▶ Input material:
>>>

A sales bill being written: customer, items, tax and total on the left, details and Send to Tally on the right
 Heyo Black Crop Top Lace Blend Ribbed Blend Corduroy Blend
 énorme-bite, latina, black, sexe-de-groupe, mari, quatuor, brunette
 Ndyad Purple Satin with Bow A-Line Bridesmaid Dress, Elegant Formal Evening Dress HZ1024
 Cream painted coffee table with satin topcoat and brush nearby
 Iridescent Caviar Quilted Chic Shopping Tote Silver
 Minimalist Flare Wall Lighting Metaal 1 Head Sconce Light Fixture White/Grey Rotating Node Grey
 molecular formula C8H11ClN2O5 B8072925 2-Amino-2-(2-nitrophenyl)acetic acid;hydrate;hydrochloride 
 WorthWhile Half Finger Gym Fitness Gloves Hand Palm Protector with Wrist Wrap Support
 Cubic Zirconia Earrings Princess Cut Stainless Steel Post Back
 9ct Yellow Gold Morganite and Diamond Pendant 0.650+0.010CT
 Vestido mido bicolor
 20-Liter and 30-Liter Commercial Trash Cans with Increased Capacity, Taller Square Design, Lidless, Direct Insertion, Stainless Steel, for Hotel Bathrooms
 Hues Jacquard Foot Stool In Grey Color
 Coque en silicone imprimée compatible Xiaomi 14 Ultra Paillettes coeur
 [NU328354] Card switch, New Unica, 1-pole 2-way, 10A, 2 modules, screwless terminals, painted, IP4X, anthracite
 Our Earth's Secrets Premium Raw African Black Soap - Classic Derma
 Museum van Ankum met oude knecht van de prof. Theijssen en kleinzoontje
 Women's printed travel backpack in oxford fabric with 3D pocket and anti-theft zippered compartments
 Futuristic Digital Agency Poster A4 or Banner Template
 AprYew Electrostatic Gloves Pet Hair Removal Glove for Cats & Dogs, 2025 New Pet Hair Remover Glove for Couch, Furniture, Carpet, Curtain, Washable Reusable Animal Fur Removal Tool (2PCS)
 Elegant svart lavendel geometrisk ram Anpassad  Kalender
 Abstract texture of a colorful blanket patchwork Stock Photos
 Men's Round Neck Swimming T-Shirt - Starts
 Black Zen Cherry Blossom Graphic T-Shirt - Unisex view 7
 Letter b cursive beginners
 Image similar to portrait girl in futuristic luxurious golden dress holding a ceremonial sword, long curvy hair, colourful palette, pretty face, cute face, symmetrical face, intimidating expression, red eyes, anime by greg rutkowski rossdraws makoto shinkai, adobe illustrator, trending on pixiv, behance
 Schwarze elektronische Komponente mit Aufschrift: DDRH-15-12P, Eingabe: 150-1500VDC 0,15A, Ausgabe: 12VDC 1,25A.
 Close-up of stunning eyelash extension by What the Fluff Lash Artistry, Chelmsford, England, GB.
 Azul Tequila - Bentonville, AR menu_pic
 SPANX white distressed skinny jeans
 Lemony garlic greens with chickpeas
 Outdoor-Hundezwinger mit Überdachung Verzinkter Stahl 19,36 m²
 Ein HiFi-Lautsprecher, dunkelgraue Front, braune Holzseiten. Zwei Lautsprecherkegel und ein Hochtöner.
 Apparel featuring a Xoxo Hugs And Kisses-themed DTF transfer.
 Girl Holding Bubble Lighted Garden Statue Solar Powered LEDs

<<<

▶ Directions:
Look back at the entries above and repeat, unchanged, every line from the line holding "Futuristic Digital Agency" through the line holding "Letter b cursive beginners".

▶ Solution for this task:
 Futuristic Digital Agency Poster A4 or Banner Template
 AprYew Electrostatic Gloves Pet Hair Removal Glove for Cats & Dogs, 2025 New Pet Hair Remover Glove for Couch, Furniture, Carpet, Curtain, Washable Reusable Animal Fur Removal Tool (2PCS)
 Elegant svart lavendel geometrisk ram Anpassad  Kalender
 Abstract texture of a colorful blanket patchwork Stock Photos
 Men's Round Neck Swimming T-Shirt - Starts
 Black Zen Cherry Blossom Graphic T-Shirt - Unisex view 7
 Letter b cursive beginners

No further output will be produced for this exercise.